Keeping waste down makes sense, but this should be the high-water mark, not a precedent for further changes that slow hydration, cost time and add risk late in the race.

Paris Marathon’s cup ban is a step too far
Runners crowd the banks of the Seine at the Paris Marathon, where smooth pacing and quick access to water can make the difference between 2:59 and 3:01. (Image credit: Valentin)

The decision by the Paris Marathon organisers to remove both cups and bottles from their aid stations is being presented as a bold step forward, but from a performance perspective, it looks much more like a serious misjudgement that risks undermining one of the most fundamental elements of the race itself. This is not a minor operational tweak, but a change that directly affects how runners hydrate while operating at their limits, which is precisely where reliability and simplicity matter most.

For anyone chasing sub-3, the problem is obvious. Marathon pacing at that level leaves very little margin for disruption and depends on predictable, low-friction systems. The existing approach may not be elegant, but it works because it is simple - grab a cup, drink on the move, and discard it. Replacing that with a requirement to carry a personal container, position yourself for a refill, and trust that it will function smoothly in a crowded field introduces unnecessary complexity at exactly the wrong moment.

"The difference between a successful sub-3 and a near miss often comes down to marginal losses across moments exactly like these."

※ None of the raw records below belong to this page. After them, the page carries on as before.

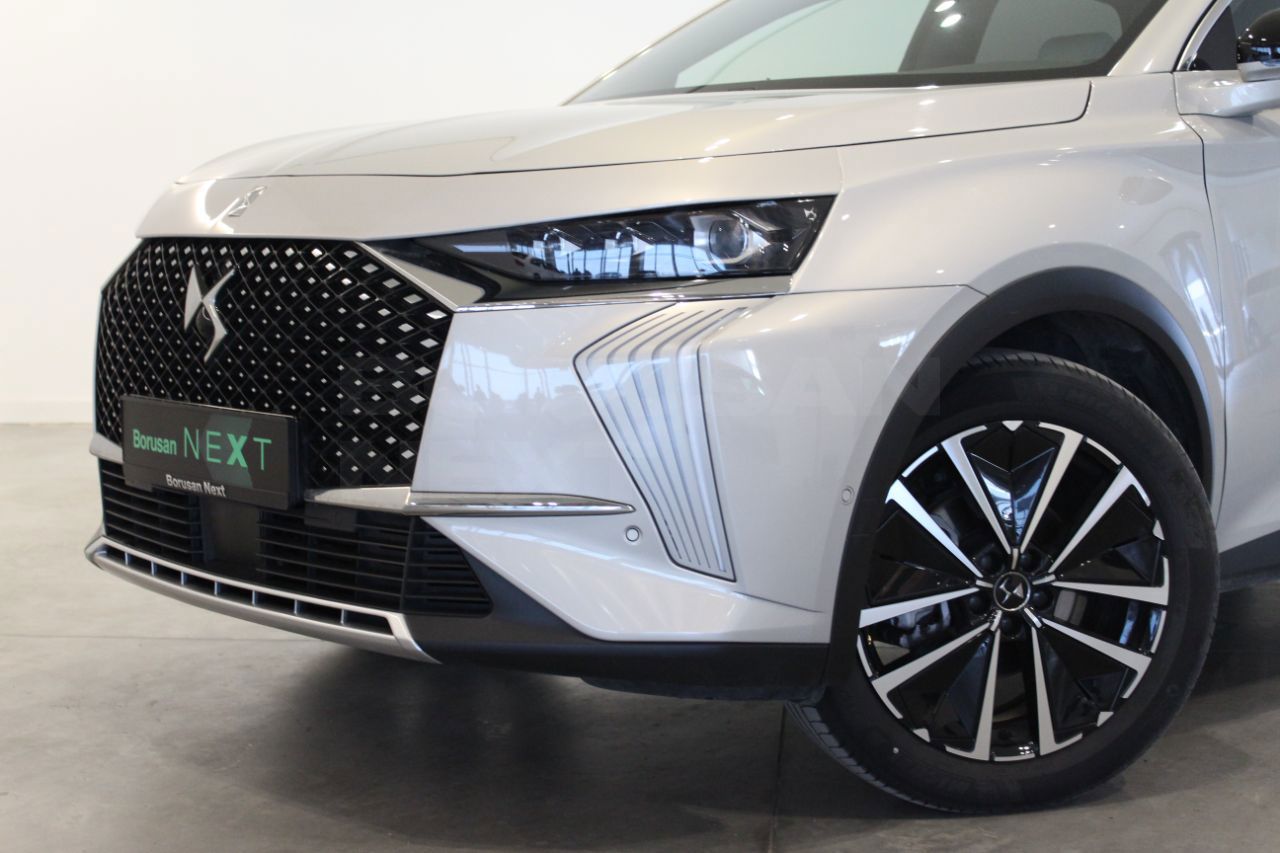 DS Automobiles DS 7 Crossback 2024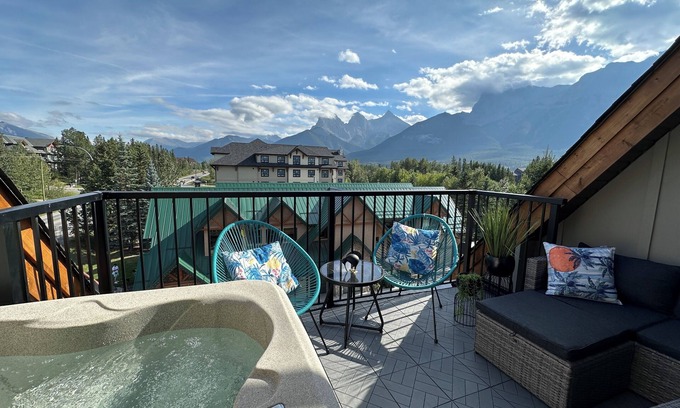 Canmore House | ML4-RoofTopPrvtHotTub/Luxe/View/3BR/3.5BT/Sleep8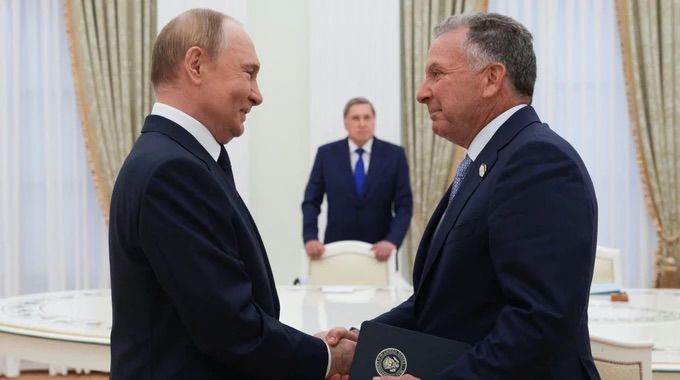 Переговоры Путина с Уиткоффом в Петербурге состоялись на фоне странного заявления об атаке дронов на город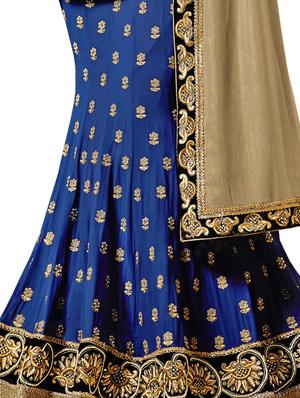 embroidered saree lehenga - 17235296 - Standard Image - 3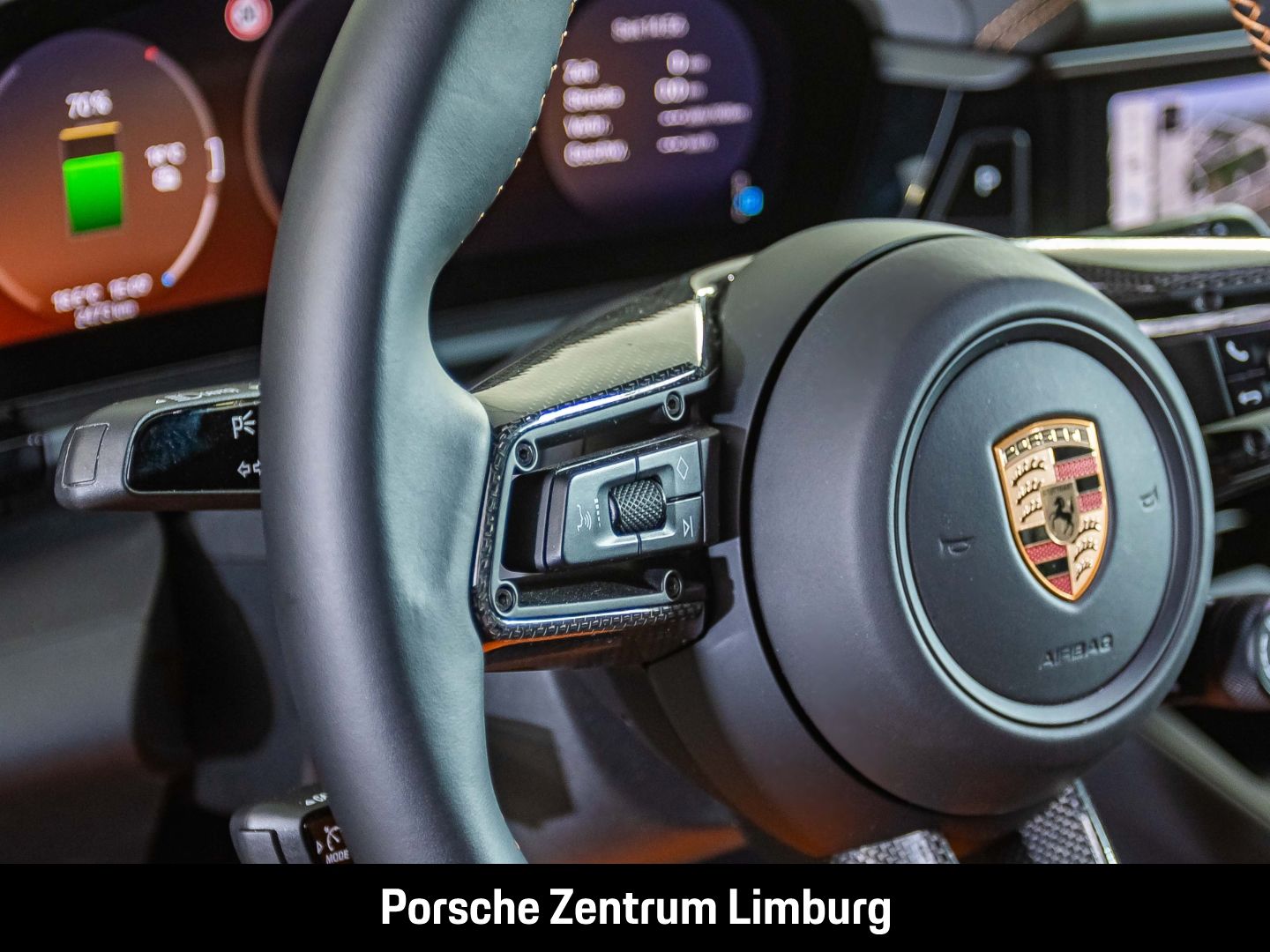 Porsche Macan 4S BOSE Luftfederung Panoramadach LED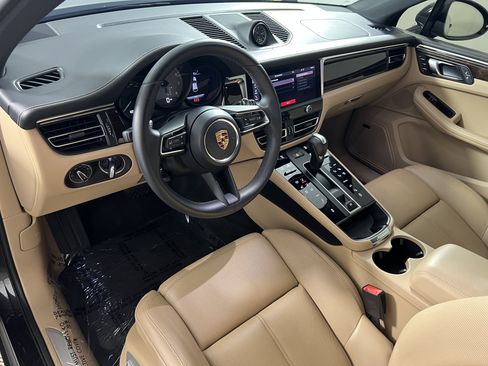 Certified 2024 Porsche Macan S AWD/4WD image 4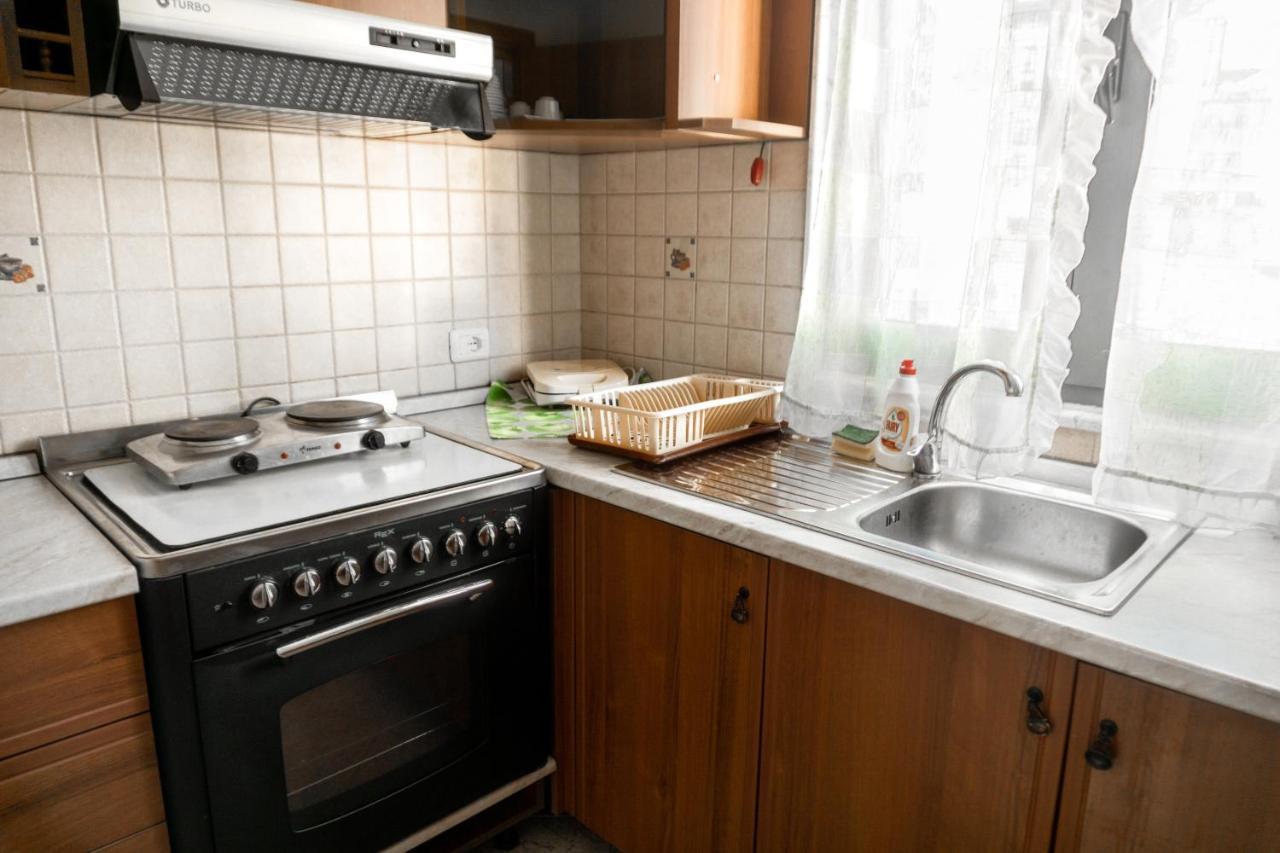 City Center Two Private Bedrooms Near Scanderbeg Square On Shared Apartment Tirana Exterior photo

Organisers point to high-flow refill systems and more frequent aid stations, but that assumes a level of efficiency that rarely holds in real race conditions. Runners will bunch, hesitate, and fumble, and even small interruptions are enough to break rhythm and cost time. At this level, those seconds matter, because the difference between a successful sub-3 and a near miss often comes down to marginal losses across moments exactly like these.

This has been recognised, to an extent, by the Paris Marathon’s organisers, who allow runners targeting sub-2:50 to place bottles on elite tables. But those tables, aside from being a faff to arrange, are not without issues. Locating your bottle at speed is not straightforward, and if it is taken by mistake you are left exposed, while there are also moments when you simply want water to throw over your head rather than drink.

"320 runners missed sub-3 by less than two minutes in the 2026 Paris Marathon. How many of those performances might have tipped the other way without delays at refill stations?"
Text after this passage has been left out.